Word is terrible for composing non-trivial documents and even worse for exporting to other formats, but I won’t defend that here. See Word Processors: Stupid and Inefficient for a good takedown. The author champions LaTeX as a composition format. I don’t, except for cases when nothing else will do, because I find that when I write in LaTeX I spend too much time thinking about the syntax instead of the writing. I use Markdown instead. Markdown is very natural to write in; it’s basically the same syntax as plaintext email.

My production pipeline for any kind of writing looks something like this:

  • Markdown through pandoc to LaTeX, then through pdflatex to .pdf
  • Markdown through multimarkdown to multiple .html files
  • Markdown through pandoc to .epub
  • Some variant of the above for single-document html, haven’t figured this out yet.

I want my work to look consistently good in all four intended output formats. This shouldn’t be hard; good programs exist to do the conversion. My difficulty seems to stem from making multiple output formats from the same input, sometimes using different programs. If it comes out slightly wrong in one format, and I adjust the input to suit, it breaks a different format.

This isn’t an issue for the body text, mainly. That all works perfectly fine. Mostly, it breaks autogeneration of tables-of-contents and sometimes headings. I don’t necessarily want my introduction or author’s notes to be treated as chapters or parts; having the Right Thing happen there is tricky. The ToC for single and multi-page variants need to work differently too. I’m not sure what I need to do for epub yet, exactly.
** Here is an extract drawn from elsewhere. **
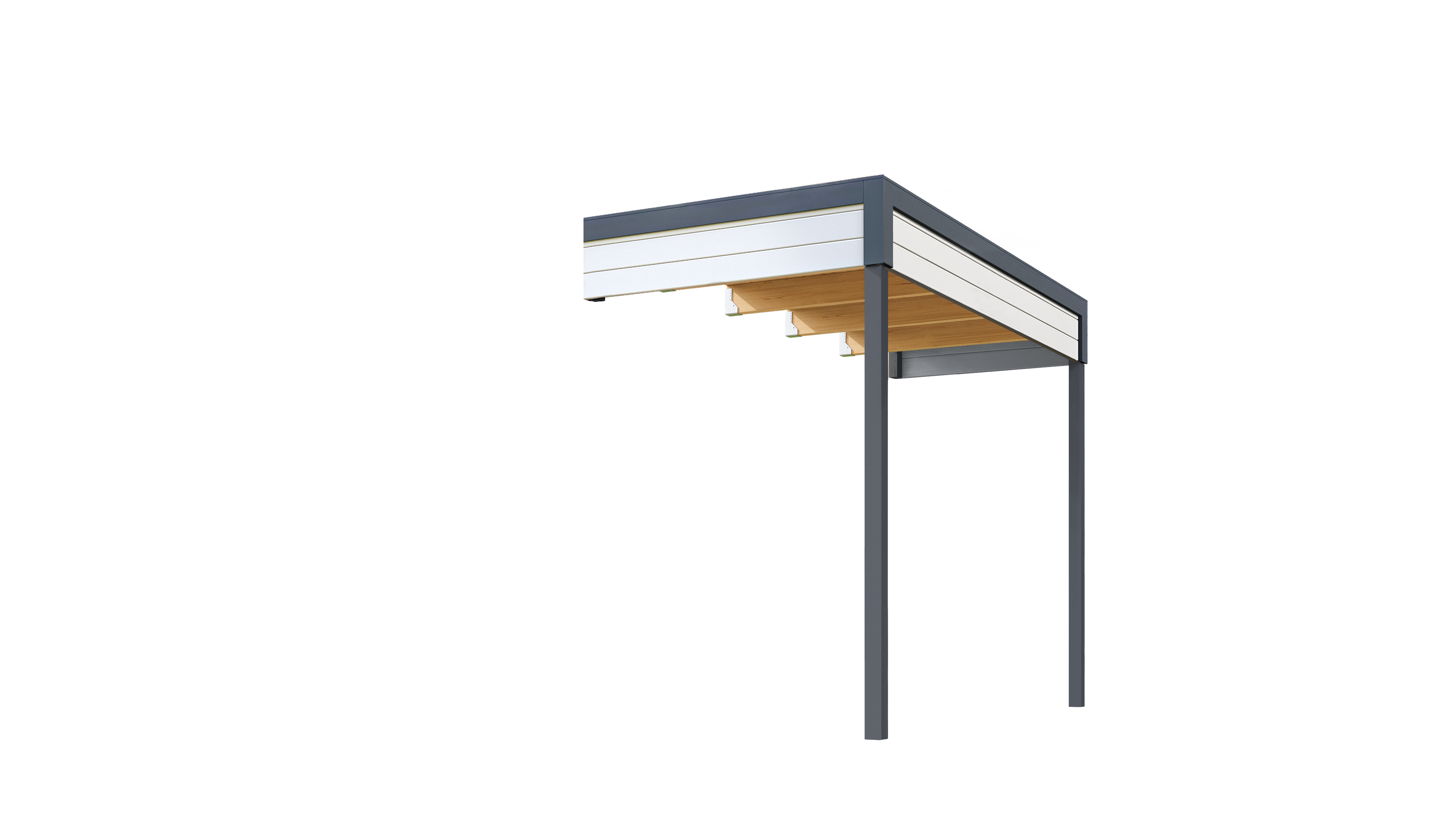Gartenhaus-Anbaudach NORDIC HOLZ "FELIX_FYNN 3 ANBAU", grau (lichtgrau), B:150cm H:222,3cm T:300cm, Holz, Gartenhaus-Anbaudächer, Flachdach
Pandoc – my preferred tool for conversion – can generate a ToC automatically for the pdf version, but I can’t figure out how to tell it which pieces should be treated as front or back matter, and even if I could, I use a different tool (multimarkdown) for generating the HTML multipage version, and it doesn’t recognize Pandoc Markdown extensions; hence using them to solve the pdf problem would break the html version.

In thinking about it over the last day or two, I think the problem breaks down into three major parts:

  1. Multi-file and single-file output have different requirements
  2. Front and back matter must be logically distinct from main matter. Not every section is a chapter!
  3. Styling requirements are different for each format. e.g. epub must be styled a bit differently because it’s expected to be read on a much smaller screen.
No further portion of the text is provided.